Marie lee las notas tomadas por Crossman sobre este último asesinato. Como todas las demás recoletas, la madre Esperanza era la bibliotecaria de su convento. Era ella quien tenía las llaves de las salas acorazadas donde la orden guardaba los manuscritos más peligrosos: las bibliotecas prohibidas.
Parks continúa leyendo. Después de Cartagena, los crímenes prosiguieron en México y posteriormente en Estados Unidos. La congregación de Corpus Christi, en Texas, o la de Phoenix, en Arizona. El último asesinato había tenido lugar en Colorado, en un convento-fortaleza perdido en medio de las Rocosas. Ahí era donde las cuatro desaparecidas habían estado a punto de atrapar a Caleb.
Unos días más tarde, encontraron su rastro en Hattiesburg, adonde llegaron una tras otra para poner fin definitivamente al brutal recorrido del asesino. No había ningún convento de recoletas en los parajes, solo pantanos con abundante pesca y bosques interminables.

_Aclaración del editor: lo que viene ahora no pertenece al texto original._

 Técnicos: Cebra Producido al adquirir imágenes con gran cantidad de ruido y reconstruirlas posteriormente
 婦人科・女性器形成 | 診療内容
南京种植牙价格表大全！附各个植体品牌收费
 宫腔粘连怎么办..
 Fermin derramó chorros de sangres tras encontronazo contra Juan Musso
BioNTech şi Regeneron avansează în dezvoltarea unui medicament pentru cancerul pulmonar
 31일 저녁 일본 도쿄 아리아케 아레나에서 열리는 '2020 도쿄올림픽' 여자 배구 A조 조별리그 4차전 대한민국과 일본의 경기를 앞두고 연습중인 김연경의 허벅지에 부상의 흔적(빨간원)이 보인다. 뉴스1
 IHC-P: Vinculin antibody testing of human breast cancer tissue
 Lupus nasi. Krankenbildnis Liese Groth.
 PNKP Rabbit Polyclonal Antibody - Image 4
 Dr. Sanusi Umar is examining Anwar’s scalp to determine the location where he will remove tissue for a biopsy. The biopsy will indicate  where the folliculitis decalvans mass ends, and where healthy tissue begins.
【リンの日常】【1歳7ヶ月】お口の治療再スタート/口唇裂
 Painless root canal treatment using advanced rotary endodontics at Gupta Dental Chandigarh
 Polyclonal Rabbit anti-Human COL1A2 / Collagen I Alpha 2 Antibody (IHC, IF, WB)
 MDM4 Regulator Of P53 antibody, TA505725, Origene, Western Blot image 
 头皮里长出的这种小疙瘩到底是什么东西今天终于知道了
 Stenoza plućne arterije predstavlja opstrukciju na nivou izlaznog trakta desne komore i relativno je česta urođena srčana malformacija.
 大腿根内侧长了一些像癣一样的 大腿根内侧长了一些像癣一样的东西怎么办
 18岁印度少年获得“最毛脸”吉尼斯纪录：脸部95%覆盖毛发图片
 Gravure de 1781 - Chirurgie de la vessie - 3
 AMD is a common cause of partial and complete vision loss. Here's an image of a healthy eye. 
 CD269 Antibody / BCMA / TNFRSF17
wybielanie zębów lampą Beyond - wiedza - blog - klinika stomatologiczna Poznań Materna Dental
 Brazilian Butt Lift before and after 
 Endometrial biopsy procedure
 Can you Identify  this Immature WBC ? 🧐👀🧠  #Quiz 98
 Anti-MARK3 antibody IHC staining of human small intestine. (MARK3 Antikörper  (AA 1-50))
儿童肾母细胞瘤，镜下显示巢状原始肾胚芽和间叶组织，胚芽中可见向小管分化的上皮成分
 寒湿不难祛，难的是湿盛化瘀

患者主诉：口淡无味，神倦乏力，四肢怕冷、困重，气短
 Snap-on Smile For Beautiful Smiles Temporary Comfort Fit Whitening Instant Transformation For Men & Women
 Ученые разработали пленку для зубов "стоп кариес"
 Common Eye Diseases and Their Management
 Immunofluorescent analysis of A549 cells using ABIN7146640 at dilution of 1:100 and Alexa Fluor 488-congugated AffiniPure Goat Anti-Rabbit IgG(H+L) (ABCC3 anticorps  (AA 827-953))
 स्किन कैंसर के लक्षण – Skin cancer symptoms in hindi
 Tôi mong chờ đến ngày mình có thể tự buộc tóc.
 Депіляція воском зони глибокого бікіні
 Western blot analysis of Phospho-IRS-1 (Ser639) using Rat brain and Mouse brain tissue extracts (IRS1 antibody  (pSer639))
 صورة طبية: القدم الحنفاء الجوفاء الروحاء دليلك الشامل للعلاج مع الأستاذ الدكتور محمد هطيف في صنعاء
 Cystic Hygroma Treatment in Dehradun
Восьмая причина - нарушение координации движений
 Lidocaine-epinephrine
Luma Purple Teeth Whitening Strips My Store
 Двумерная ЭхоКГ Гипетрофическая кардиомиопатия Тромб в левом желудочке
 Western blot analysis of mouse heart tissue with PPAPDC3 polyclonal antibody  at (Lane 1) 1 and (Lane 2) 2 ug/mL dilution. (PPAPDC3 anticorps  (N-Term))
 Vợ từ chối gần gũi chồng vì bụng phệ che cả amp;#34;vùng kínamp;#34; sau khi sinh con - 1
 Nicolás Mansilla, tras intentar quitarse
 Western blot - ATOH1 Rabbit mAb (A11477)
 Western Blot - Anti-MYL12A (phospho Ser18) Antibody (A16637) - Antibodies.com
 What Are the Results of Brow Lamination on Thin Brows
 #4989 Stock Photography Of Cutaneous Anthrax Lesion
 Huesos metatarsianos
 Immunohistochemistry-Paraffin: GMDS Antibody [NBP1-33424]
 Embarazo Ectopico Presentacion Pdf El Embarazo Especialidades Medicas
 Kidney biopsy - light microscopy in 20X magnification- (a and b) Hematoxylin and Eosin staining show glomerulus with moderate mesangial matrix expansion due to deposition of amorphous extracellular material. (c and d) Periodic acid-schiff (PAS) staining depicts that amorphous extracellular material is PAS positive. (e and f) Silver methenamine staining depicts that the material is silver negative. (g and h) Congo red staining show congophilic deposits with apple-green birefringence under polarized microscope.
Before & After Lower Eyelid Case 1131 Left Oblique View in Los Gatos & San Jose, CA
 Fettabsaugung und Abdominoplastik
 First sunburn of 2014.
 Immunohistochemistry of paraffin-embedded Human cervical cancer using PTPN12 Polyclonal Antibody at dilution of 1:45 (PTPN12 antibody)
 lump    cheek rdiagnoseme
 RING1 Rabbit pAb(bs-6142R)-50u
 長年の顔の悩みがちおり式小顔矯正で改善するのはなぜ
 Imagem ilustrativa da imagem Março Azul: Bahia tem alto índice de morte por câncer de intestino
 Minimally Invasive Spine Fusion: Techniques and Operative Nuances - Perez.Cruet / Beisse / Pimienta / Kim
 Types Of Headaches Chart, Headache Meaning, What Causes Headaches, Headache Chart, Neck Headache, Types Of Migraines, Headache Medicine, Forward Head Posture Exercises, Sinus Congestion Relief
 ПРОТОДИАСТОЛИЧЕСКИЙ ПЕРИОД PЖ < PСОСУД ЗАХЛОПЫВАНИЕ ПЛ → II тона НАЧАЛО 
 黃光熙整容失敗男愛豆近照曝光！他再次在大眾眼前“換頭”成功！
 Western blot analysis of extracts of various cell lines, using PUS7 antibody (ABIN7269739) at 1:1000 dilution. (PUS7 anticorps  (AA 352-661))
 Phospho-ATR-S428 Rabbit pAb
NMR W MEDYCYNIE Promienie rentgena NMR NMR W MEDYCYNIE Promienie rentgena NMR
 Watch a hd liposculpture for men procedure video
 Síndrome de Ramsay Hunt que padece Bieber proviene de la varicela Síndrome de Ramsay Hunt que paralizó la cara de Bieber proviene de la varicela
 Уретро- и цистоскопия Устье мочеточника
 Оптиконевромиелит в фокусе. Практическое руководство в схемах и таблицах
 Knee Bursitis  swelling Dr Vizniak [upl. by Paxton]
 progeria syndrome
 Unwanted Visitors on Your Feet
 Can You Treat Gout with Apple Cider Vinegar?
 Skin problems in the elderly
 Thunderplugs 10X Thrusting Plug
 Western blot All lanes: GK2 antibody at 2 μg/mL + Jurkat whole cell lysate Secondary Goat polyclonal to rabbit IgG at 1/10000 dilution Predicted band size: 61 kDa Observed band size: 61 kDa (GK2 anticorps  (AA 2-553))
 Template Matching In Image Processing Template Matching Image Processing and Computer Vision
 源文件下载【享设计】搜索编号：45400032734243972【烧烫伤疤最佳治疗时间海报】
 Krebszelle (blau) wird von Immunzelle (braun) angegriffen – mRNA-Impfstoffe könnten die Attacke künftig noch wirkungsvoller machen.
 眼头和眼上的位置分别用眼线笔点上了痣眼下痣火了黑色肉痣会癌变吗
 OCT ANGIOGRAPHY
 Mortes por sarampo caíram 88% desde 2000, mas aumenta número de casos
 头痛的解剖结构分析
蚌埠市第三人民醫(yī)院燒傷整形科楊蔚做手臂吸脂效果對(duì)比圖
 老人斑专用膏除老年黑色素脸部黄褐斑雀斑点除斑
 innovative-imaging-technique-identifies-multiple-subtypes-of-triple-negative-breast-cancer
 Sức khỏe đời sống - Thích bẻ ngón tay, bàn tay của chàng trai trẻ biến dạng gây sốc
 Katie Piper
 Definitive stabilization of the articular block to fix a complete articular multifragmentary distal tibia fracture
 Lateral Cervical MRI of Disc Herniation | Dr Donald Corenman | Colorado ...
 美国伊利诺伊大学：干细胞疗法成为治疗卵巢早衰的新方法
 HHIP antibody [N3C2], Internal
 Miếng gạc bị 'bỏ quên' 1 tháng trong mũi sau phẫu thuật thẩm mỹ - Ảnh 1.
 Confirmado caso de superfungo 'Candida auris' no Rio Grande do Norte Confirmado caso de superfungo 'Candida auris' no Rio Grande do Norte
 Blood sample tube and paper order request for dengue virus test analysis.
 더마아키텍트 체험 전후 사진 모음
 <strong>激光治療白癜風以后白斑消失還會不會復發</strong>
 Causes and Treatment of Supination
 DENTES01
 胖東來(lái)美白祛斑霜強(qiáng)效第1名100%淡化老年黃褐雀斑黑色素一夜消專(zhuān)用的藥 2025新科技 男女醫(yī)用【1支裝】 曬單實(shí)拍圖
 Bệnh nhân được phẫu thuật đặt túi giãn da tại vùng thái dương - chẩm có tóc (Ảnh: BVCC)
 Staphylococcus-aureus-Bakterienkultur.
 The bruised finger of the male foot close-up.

Para atraer a las cuatro desaparecidas a una región tan poco frecuentada, Caleb había desenterrado muertos, en cementerios aislados y había amontonado esos cadáveres en la cripta situada en medio del bosque de Oxborne. Esas profanaciones habían salido en la primera página de los periódicos locales y más tarde en los diarios de las grandes ciudades. Finalmente, las religiosas se enteraron de ello leyendo la prensa. Parks apoya la cabeza en el respaldo del asiento. Sí, así era como las cuatro desaparecidas de Hattiesburg se habían metido en la boca del lobo.
Después se encontró la ropa de las hermanas en la linde del bosque. Eso era lo que no encajaba: ¿por qué había corrido Caleb ese riesgo? ¿Por qué no se había limitado a desaparecer después de haber matado a sus perseguidoras? ¿Por qué, sino para atraerla a ella, para que ella se lanzara tras el rastro de Rachel y descubriera a los muertos en la cripta? Sí, muy bien, pero ¿con qué finalidad? Marie no tiene ni idea. Agotada, cierra los ojos y escucha el siseo de los reactores. Los altavoces chisporrotean. A duras penas oye que la voz del comandante anuncia una zona de turbulencias antes de sumirse en un profundo sueño.